Baseball fans loved Ohtani when he was an Angel. But now they love him and they get to watch him start Game 7 of the World Series. Ever since he joined the Dodgers, he’s played till the last day of the last series of the season every season. Isn’t that better for baseball? Last year, he could only hit and still he was a revelation. This year, fans watched the full breadth of his abilities pushed to new heights by the stakes of October. Maybe it will get boring eventually, but that’s not the case just yet.

In the same offseason that the Dodgers agreed to pay Ohtani $700m, they also made Yoshinobu Yamamoto the highest-paid pitcher of all time. Truly, an embarrassment of riches. Ohtani’s contract is famously deferred such that its present day value is significantly lower than the eye-popping number associated with it. It’s a concession he made for the explicit reason of affording the Dodgers enough financial flexibility to spend on other top talent. That’s what championship-winning teams do with financial flexibility: they flex it.
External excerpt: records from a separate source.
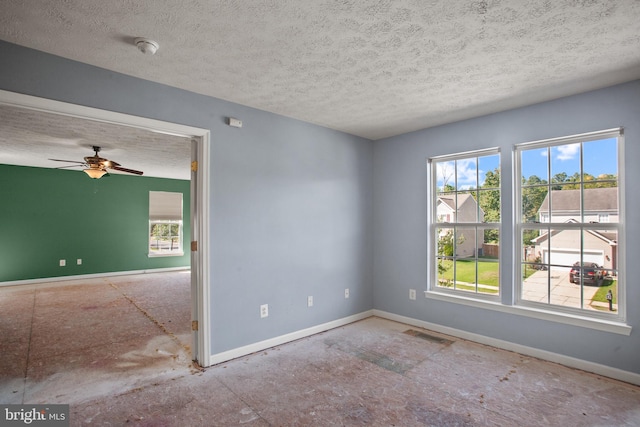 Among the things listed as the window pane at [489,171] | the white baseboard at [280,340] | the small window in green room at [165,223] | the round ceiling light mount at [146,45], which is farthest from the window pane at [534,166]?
the small window in green room at [165,223]

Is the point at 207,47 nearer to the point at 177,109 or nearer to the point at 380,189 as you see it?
the point at 177,109

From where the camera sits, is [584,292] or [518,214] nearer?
[584,292]

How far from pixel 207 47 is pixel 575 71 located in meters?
2.79

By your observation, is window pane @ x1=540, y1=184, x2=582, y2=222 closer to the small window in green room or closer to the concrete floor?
the concrete floor

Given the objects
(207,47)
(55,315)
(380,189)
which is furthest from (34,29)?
(55,315)

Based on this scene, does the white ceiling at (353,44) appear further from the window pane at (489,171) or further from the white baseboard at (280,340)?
the white baseboard at (280,340)

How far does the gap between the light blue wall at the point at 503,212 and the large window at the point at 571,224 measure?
110mm

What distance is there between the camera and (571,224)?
3.10 m

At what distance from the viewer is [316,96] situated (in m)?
3.12

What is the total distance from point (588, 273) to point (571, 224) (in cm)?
47

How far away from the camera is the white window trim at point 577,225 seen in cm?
281

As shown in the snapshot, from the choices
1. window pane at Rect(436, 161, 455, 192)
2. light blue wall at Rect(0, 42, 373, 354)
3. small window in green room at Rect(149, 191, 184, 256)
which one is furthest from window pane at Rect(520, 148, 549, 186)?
small window in green room at Rect(149, 191, 184, 256)

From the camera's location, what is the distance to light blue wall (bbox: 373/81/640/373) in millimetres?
2750

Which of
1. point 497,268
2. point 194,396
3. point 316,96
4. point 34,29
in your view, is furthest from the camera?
point 497,268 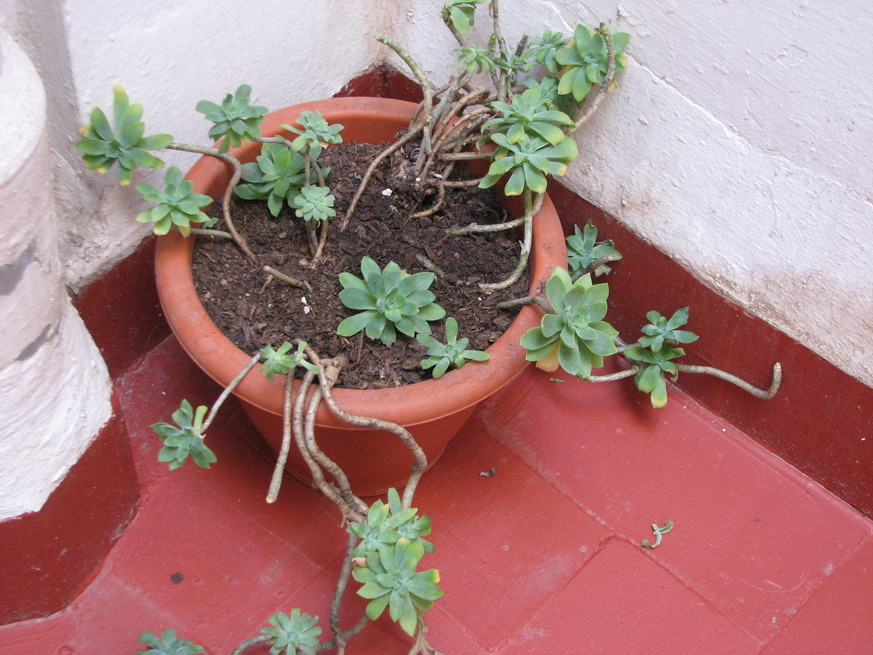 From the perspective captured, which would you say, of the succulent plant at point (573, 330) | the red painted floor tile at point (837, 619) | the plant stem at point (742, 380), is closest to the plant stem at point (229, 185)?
the succulent plant at point (573, 330)

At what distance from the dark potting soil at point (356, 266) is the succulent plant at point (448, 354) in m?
0.04

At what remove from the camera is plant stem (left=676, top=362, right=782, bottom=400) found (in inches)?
62.2

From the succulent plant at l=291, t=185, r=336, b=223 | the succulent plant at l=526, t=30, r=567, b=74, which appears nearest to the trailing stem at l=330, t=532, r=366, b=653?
the succulent plant at l=291, t=185, r=336, b=223

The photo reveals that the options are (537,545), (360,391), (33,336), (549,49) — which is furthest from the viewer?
(537,545)

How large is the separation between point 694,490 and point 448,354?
0.67 m

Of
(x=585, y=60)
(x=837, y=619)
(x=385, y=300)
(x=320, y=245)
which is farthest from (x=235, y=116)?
(x=837, y=619)

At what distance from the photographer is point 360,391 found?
126 cm

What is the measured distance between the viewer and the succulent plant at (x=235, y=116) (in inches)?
52.6

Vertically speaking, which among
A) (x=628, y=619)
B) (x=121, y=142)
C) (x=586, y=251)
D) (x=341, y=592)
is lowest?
(x=628, y=619)

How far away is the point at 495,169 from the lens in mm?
1393

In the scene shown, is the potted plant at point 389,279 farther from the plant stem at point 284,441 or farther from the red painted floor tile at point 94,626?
the red painted floor tile at point 94,626

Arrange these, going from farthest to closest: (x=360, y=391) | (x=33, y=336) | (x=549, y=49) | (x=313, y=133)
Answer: (x=549, y=49) < (x=313, y=133) < (x=360, y=391) < (x=33, y=336)

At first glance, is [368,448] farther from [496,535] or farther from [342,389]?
[496,535]

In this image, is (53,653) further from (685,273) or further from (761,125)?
(761,125) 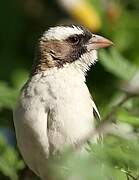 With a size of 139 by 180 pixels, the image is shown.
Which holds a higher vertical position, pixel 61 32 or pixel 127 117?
pixel 127 117

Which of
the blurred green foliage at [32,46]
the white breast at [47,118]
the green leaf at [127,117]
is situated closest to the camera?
the green leaf at [127,117]

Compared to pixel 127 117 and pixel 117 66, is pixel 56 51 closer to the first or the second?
pixel 117 66

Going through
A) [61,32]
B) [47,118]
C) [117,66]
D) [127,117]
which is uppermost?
[127,117]

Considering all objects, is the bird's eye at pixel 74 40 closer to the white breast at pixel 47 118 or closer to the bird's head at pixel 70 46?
the bird's head at pixel 70 46

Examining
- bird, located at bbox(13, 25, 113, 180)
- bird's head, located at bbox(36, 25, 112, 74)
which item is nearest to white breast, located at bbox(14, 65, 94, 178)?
bird, located at bbox(13, 25, 113, 180)

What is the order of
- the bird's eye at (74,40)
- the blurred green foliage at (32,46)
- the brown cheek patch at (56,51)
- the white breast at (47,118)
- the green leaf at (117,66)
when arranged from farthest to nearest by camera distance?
the bird's eye at (74,40) → the brown cheek patch at (56,51) → the blurred green foliage at (32,46) → the white breast at (47,118) → the green leaf at (117,66)

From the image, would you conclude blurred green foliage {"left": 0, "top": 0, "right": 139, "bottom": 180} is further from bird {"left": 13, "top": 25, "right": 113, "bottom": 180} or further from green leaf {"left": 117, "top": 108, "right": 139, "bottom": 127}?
green leaf {"left": 117, "top": 108, "right": 139, "bottom": 127}

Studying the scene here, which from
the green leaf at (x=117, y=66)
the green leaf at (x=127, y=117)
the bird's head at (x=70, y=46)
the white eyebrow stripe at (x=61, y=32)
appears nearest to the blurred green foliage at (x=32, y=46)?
the green leaf at (x=117, y=66)

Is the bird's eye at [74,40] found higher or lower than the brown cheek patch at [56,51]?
higher

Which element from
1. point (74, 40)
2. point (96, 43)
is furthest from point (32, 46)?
point (96, 43)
Some people assumed Yamamoto, who came to LA from Japan, picked the Dodgers because his countryman, Ohtani, was there. In his opening press conference, Yamamoto clarified: He wanted to win. And the Dodgers seemed like the best place to do that.

But, of course, that perception and the eventual reality is inexorable from their willingness to sign both Ohtani and Yamamoto just a few weeks apart. A billion dollars worth of baseball talent, one of whom started Game 7 and the other who finished it. Yamamoto thought he could win with the Dodgers. Turns out, the Dodgers won because of his heroics. Is it a flaw in the system that the guy who was capable of winning three games in a seven-game series ended up not only on the team that was willing to pay him the most to do so, but one that also had enough other high-priced players to wind up in that situation? Is it a crisis that the Dodgers were willing to out-bid everyone else to ensure Yamamoto was on the biggest stage and not sitting at home receiving slightly smaller checks from another club?

Baseball will spend the offseason, and the next 18 months, debating those very much not rhetorical questions. The Dodgers’ trophy will shine a spotlight on a payroll disparity that has proven meaningful if not actually predictive. A reckoning awaits, tiresome as it may be.